Take the entries that follow and return only the lines from the one with "HOME-Rental_webpage-chart HOME-Rental_webpage-chart" through the final line, leaving every picture behind.
Top of Data to use
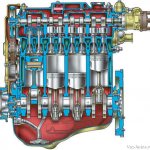 VAZ-2112 engine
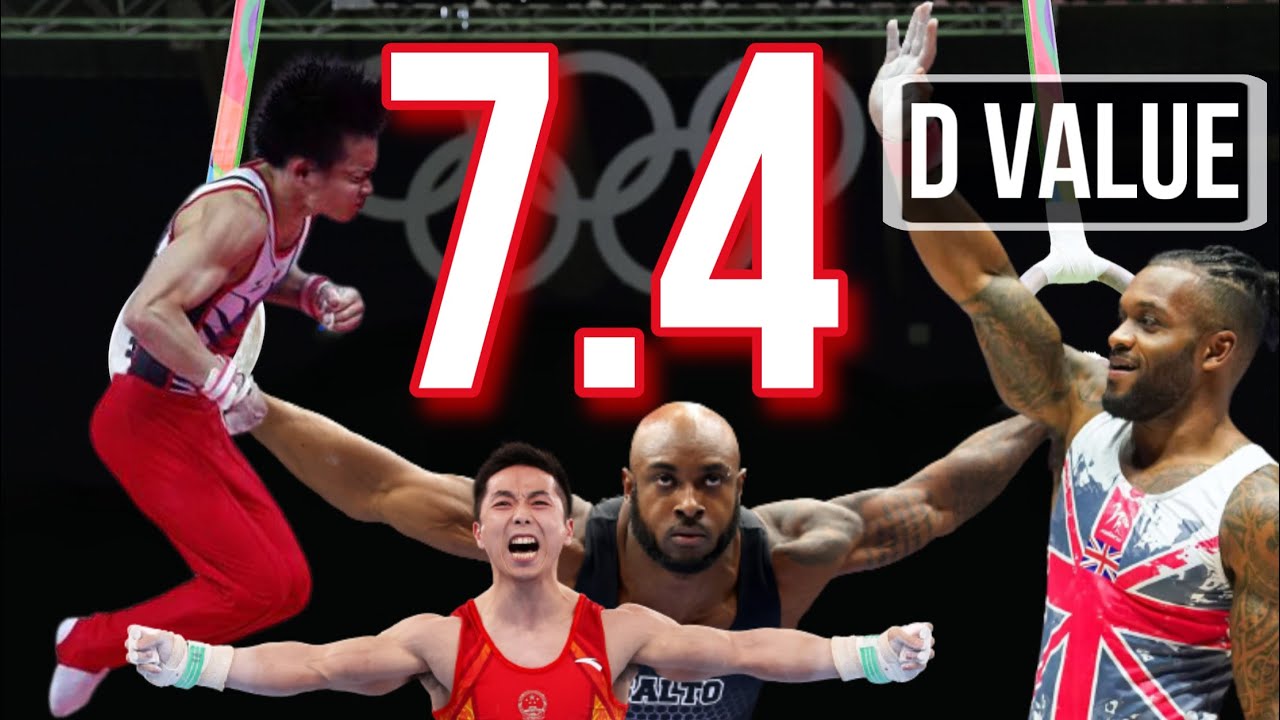 7.4D WORLD HARDEST STILL RINGS ROUTINE!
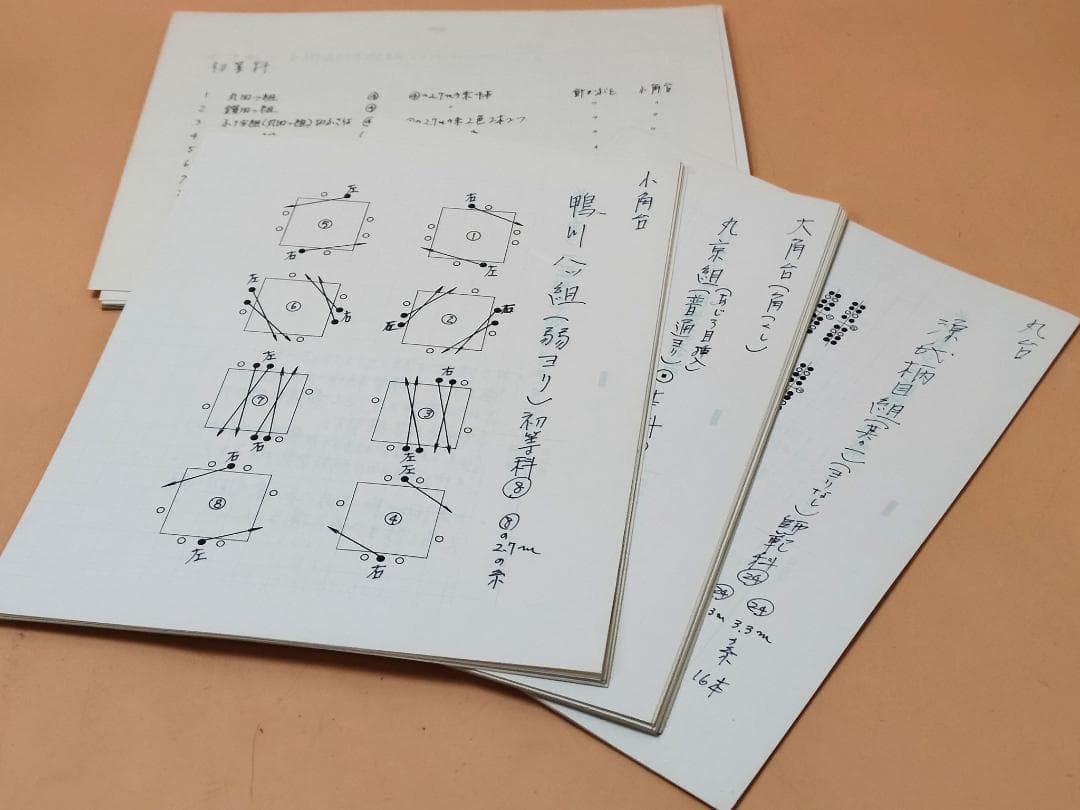 組紐セット 丸台 組紐 おもり24個 組紐道具 組み紐 重り テキスト付き
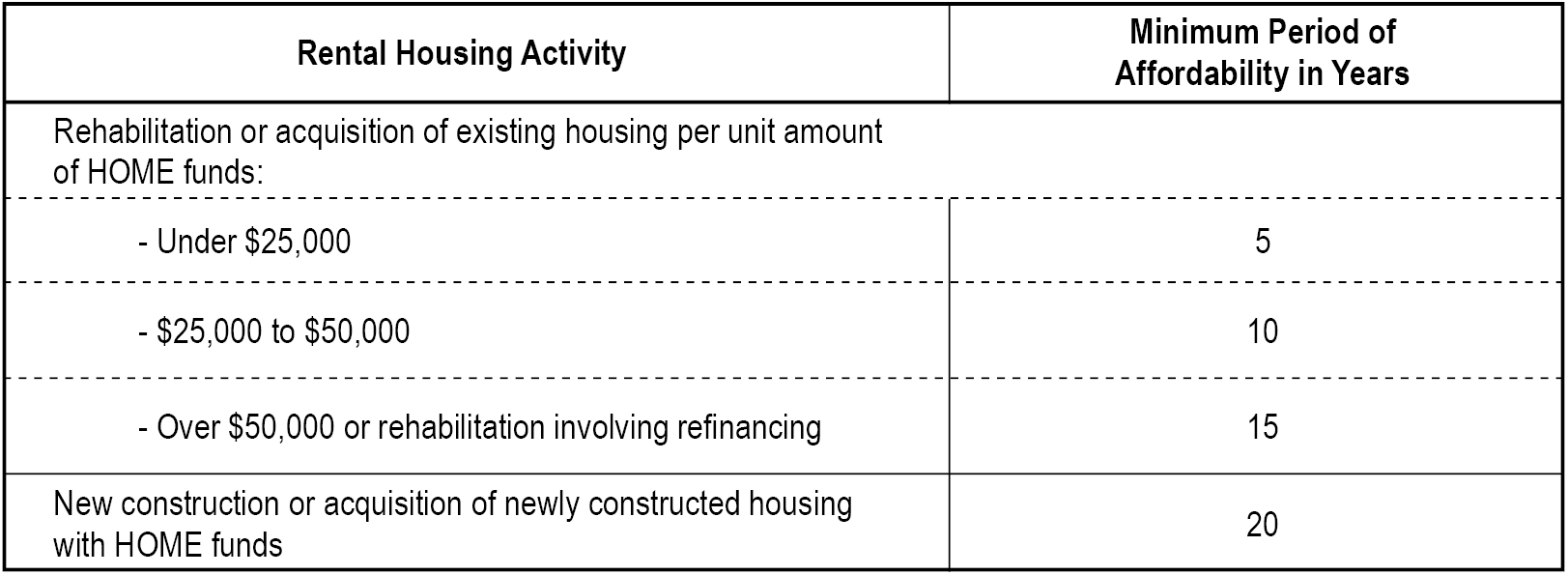 HOME-Rental_webpage-chart HOME-Rental_webpage-chart
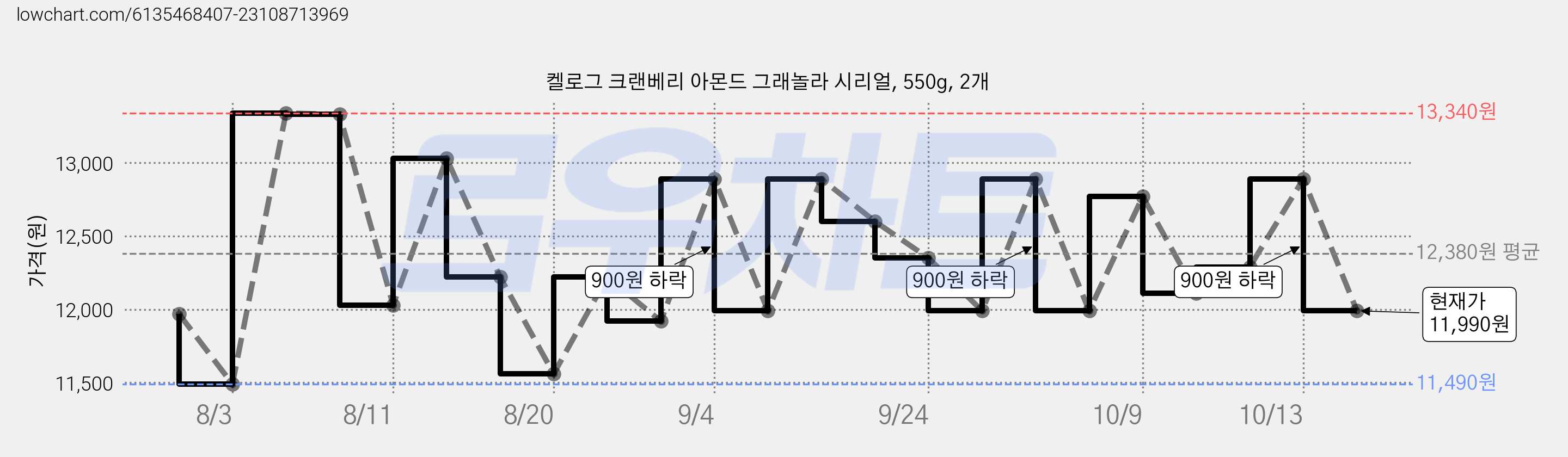 켈로그 크랜베리 아몬드 그래놀라 시리얼, 550g, 2개 가격 변동 차트, 현재가 11,990원, 관측 최저가 11,490원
Bottom of Data to use
### [Response to this task]
 HOME-Rental_webpage-chart HOME-Rental_webpage-chart
 켈로그 크랜베리 아몬드 그래놀라 시리얼, 550g, 2개 가격 변동 차트, 현재가 11,990원, 관측 최저가 11,490원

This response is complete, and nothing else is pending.